Morgen had previously stated that the film would premiere on HBO, but has now added on Twitter that it would also be shown in cinemas via Universal Pictures International. Cobain’s daughter, Frances Bean, has given her blessing to the film and is as an executive producer.
“Experience Kurt Cobain like never before in the first fully authorised portrait of the famed rock music icon,” says the Sundance Festival publicity for ‘Montage Of Heck.’ “Director Brett Morgen expertly blends Cobain’s personal archive of art, music, and never-before-seen home movies with animation and revelatory interviews with his family and closest confidants.
“Following Kurt from his earliest years in Aberdeen, Washington, through the height of his fame, a visceral and detailed cinematic insight of an artist at odds with his surroundings emerges. While Cobain craved the spotlight even as he rejected the trappings of fame, his epic arc depicts a man who stayed true to his earliest punk rock convictions, always identifying with the “outsider” and ensuring the music came first.
“Fans and those of the Nirvana generation will learn things about Cobain they never knew while those who have recently discovered the man and his music will know what makes him the lasting icon that he is.”

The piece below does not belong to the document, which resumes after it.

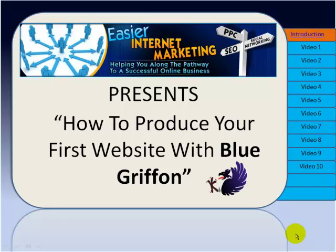Hello and welcome to this video series, How to Produce Your First Website with Blue Griffin presented by Easier Internet Marketing.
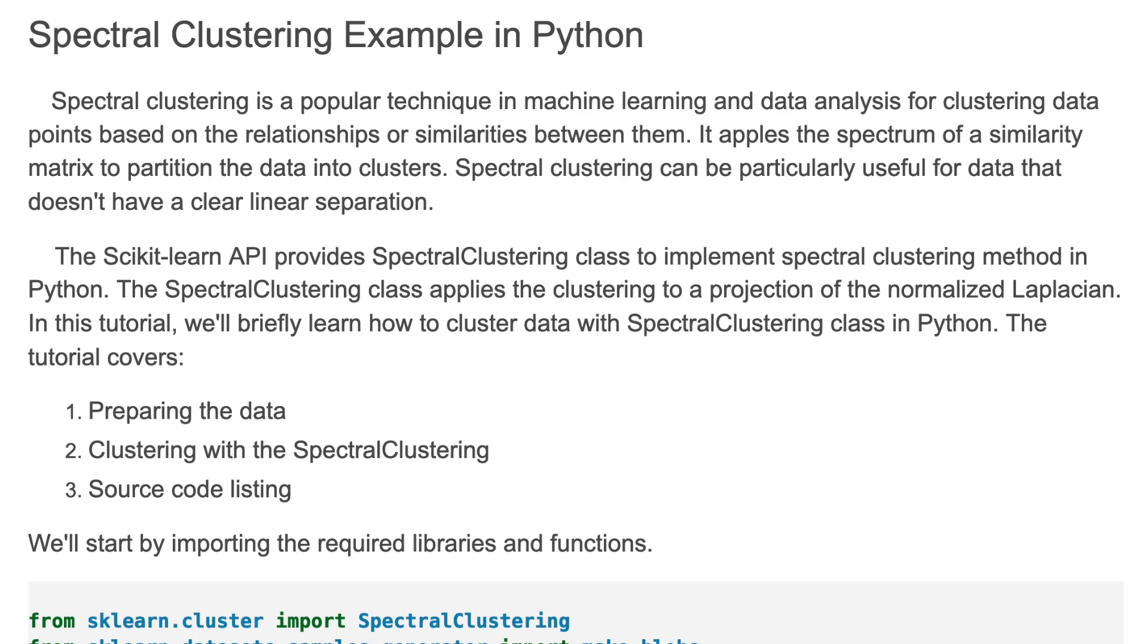Hello and welcome back to my channel. In this video I'm going to explain spectral clustering example in Python. Spectral clustering is a popular technique in machine learning and data analysis for clustering data points based on the relationships or similarities between them. It applies the spectrum of a similarity matrix to partition the data into clusters. Spectral clustering can be particularly useful for data that doesn't have a clear linear separation.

Adds Morgen in a press release: “I started work on this project eight years ago. Like most people, when I started, I figured there would be limited amounts of fresh material to unearth. However, once I stepped into Kurt’s archive, I discovered over 200 hours of unreleased music and audio, a vast array of art projects (oil paintings, sculptures), countless hours of never-before-seen home movies, and over 4,000 pages of writings that together help paint an intimate portrait of an artist who rarely revealed himself to the media.”